Gen Y and Z lead the charge on buying stocks, despite less diversifying

New data from Openmarkets’ XYZ of Australian equities report reveals that despite the pressures brought forth by inflation and the cost of living crisis, younger investors are bucking the trend towards selling their equities, unlike their older counterparts.
Generation Y and Z are increasingly buying and holding equities to invest for the long term, while reducing their share trading frequency below that of the Baby Boomers cohort in 2023.
In fact, Openmarkets’ analysis of 300,000 share trading accounts shows that 64% of Gen Y and Z’s trades in the first quarter of 2023 were buys, compared to a slightly lower 61% for Gen X, and 54% for the Baby Boomers.
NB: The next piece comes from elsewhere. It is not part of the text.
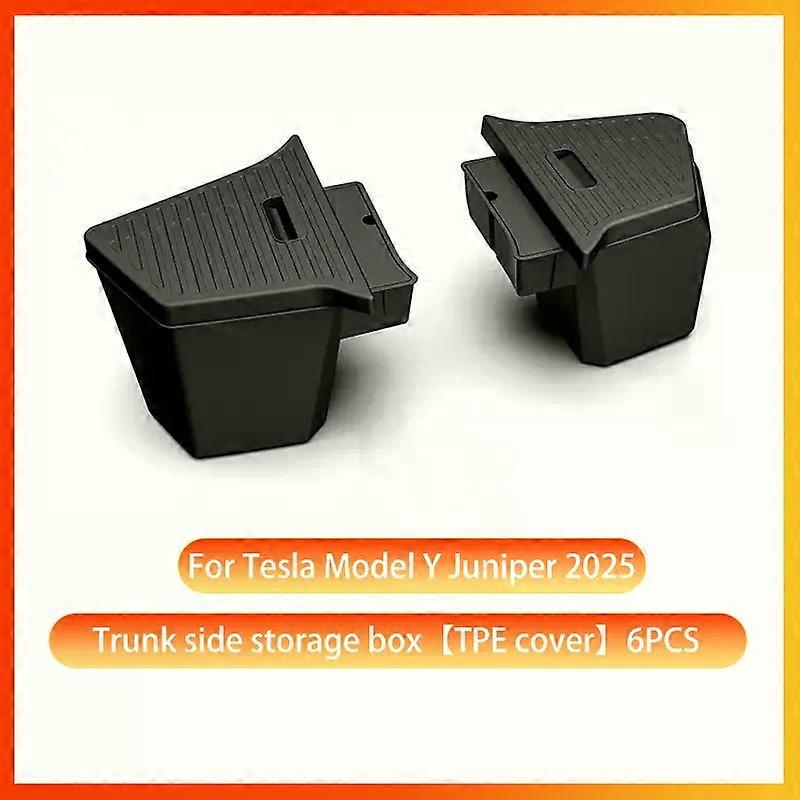 For Tesla Model Y New Juniper 2025 Car Trunk Side Storage Box Flocking/TPE Cover Mat Partition Board Stowing Space Decoration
Younger investors look towards the future of resources
The data also shows that Gen Y and Z are largely focused on future-forward investments with the potential for growth – primarily in the form of exchange-traded funds (ETFs) and lithium stocks.
In the first quarter of 2023, interest in ETFs from the younger generations grew from 27% to 29% of total trades.
According to Openmarkets, Gen Y and Z’s most bought stock in Q1 2023 was in Australian lithium mining company, Pilbara Minerals, followed by Stanmore Resources (coal mining) and Core Lithium Ltd.
Lithium, often used in rechargeable batteries for a range of products like phones and electric vehicles, has good long-term growth prospects, according to Forbes Advisor .
Long-term investments are what the younger generations are looking for right now
Gen Y and Z are trading less frequently than Gen X and the Baby Boomers, with the youngins conducting an annual average of 10.7 trades, Gen X at 16.3, and the Boomers shaking their portfolios up with 27.3 trades a year.
Openmarkets chief executive, Dan Jowett says the data challenges the prevailing stereotypes of younger investors, who often follow the ‘hype’ and prefer higher risk investment strategies.
“In an era where young people are often associated with 'hype' stocks, finfluencers and short-term wins, it is interesting to see this is not necessarily reality,” he said.
“Our data shows younger Australians are trading less, sticking to stocks they know and gradually accumulating them to build long-term wealth.”
Diversification declines across the ages
However, Openmarkets also noted that, on the whole, portfolio diversification is dropping – and it’s not a problem isolated to one generation, according to Jowett.
“What also stands out for all generations, is that portfolios are becoming marginally less diverse, adding risk as market volatility continues. All investors should understand the impact of risk and volatility on portfolios as they consider short and long-term goals.”